§ **WHAT IS REQUIRED**: The exercise calls for exact output of the lines between the one that contains "90 PECK RD, Downingtown, PA 19335" and the end of the data, with both ends kept and pictures left out.

§ **SUPPLIED MATERIAL**:
○ ○ ○ ○ ○

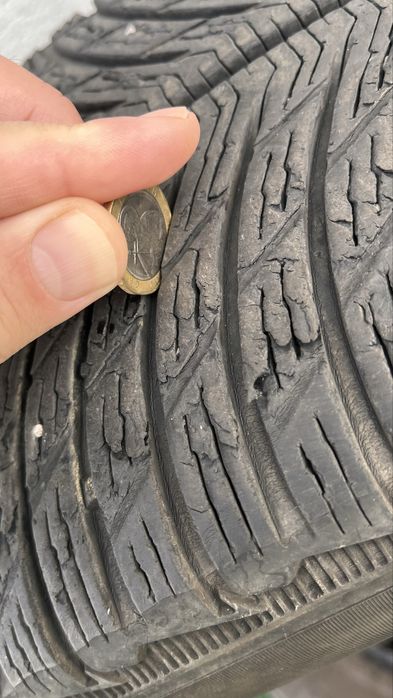 Зимни гуми 4 бр. Michelin 235/60  R17 с цена за комплекта 100 лв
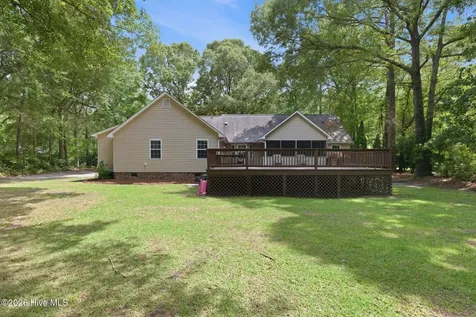 584 Deer Run Road New Bern NC 28562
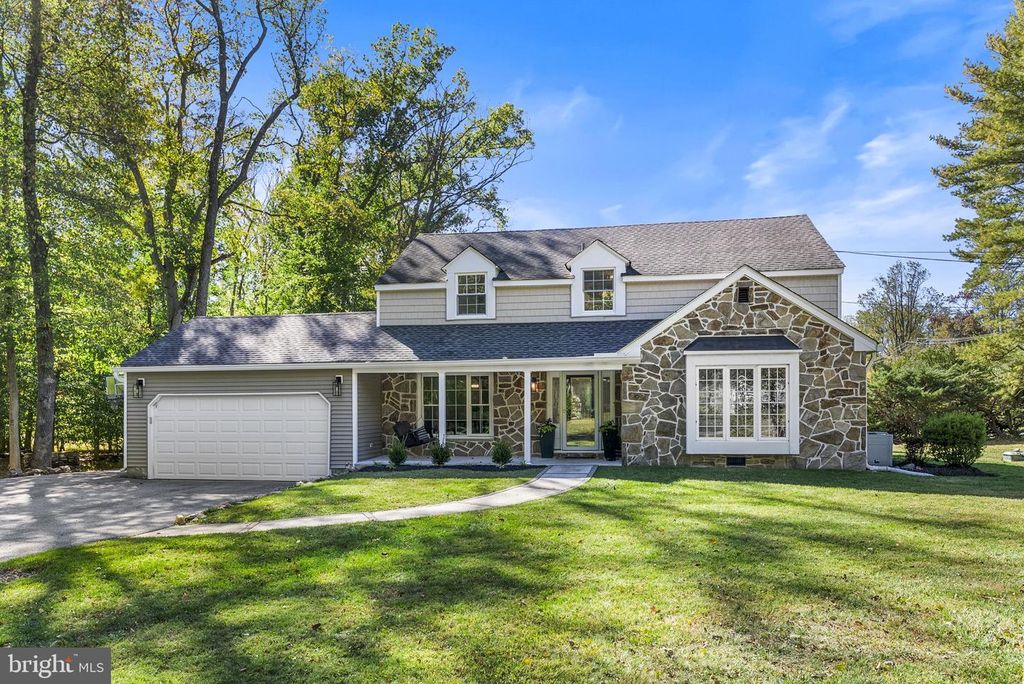 90 PECK RD, Downingtown, PA 19335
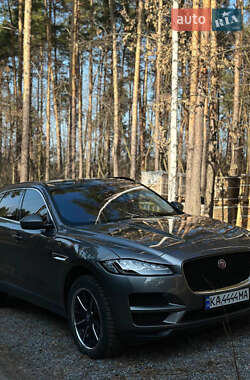 Позашляховик / Кросовер Jaguar F-Pace 2017 в Києві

○ ○ ○ ○ ○

§ **PROBLEM SOLUTION**:
 90 PECK RD, Downingtown, PA 19335
 Позашляховик / Кросовер Jaguar F-Pace 2017 в Києві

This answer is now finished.